Per usual, we had way more to talk about than we had time, but, as always, we made time for prayer, my favorite part of our bi-weekly meetings. “So much is happening in our city and county, and so much of it is positive,” said the Mayor. We have corporations seriously courting us, we have an up and coming group of leaders in the form of the Mayor’s Youth Commission, a plan for getting the old clay tile sewer pipe system replaced, and much more.
So let’s start with the teens. The Mayor’s Youth Commission has been a rousing success, inspiring both the kids as well as those who are mentoring them. In fact, more schools than just AHS and Athens Bible School are showing an interest in the program, and brainstorming is ongoing as to how that can be accommodated. Both Holly Hollman and Jackie Warner are being kept busy by these teens, and Congressman Mo Brooks came and spoke to the Youth Commission the first week of this month. The kids peppered him with some questions that showed wisdom beyond their years, not the least of which was, “What would have happened if we had gone over the fiscal cliff?” Personally, I’d like to ask Speaker Boehner the same question.
The members of the Youth Commission are not just learning what makes things tick in government, the Constitution, and the Bill of Rights, they are also taught how to dress for an interview, are given projects and homework, and most recently Jerry Barksdale regaled them with tales of local Athens WWII vets who were in the same German POW camp. There is nothing to make history come alive like a local story, and the students loved it.

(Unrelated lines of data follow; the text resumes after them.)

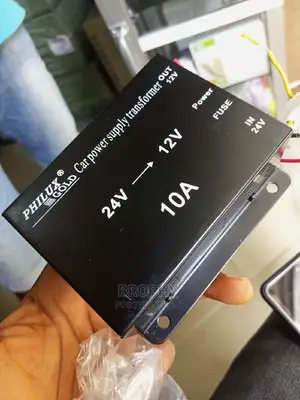 Dc Dc 24v Output 12 Input Power Supply Transformer/Converter
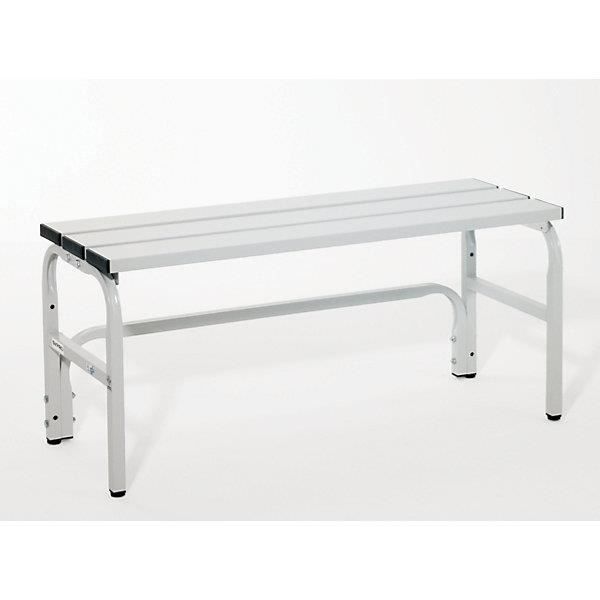 Banc Pour Vestiaire En Inox Pour Les Douches Et L Exterieur H X P 450 X 330 Mm L 1015 Mm Sans Grille Pour Chaussures Sans Barre Achat Vente Meuble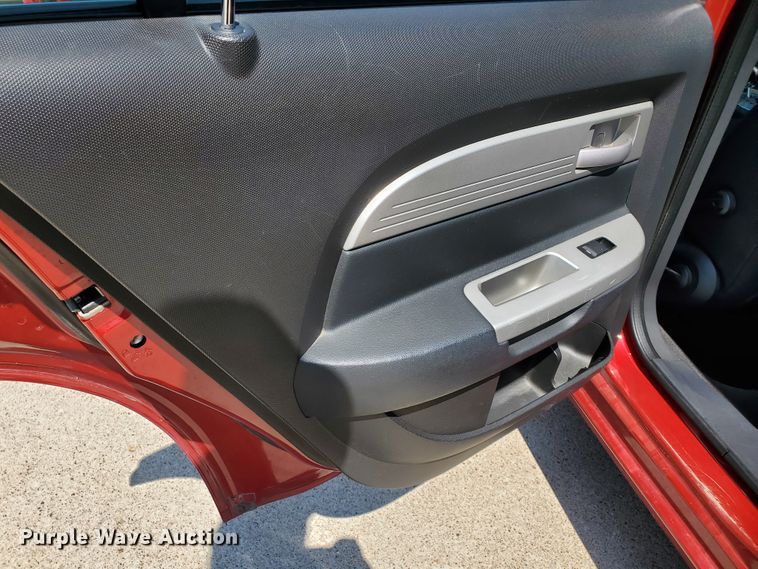 image for item DF5590 2010 Chrysler Sebring Touring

The “trucks” spoken of in the title have to do with fleet management with specific regard to garbage trucks. The City of Athens is in need of three new garbage trucks, and they are not cheap. Because running a city is very much like running a household or a corporation, finding ways to fund a major and necessary investment which is as important as waste management is important, and the City Council is hard at work doing so.
Did you know that there are literally 34 miles of old, decaying, clay tile pipes under our city? We have cameras that are able to get an accurate idea of what is going on down there, and it ain’t pretty. There are roots that have clogged them up or broken them down completely, and while they have had more than one go around with an aggressive auger to get them cleared out, the fact is, they need to be replaced. The city has a plan to replace them over the next five years, and given the kind of demand the recent successive rainy days have put on the sewer system and the water treatment plant, it is a good thing it is going to get underway soon.
“We’ve got to find a way to streamline, and to meet the needs of a growing population,” said the Mayor. That is no small task, and I for one am glad that we have a Mayor who understands the need for wisdom to accomplish the task that can only come from above.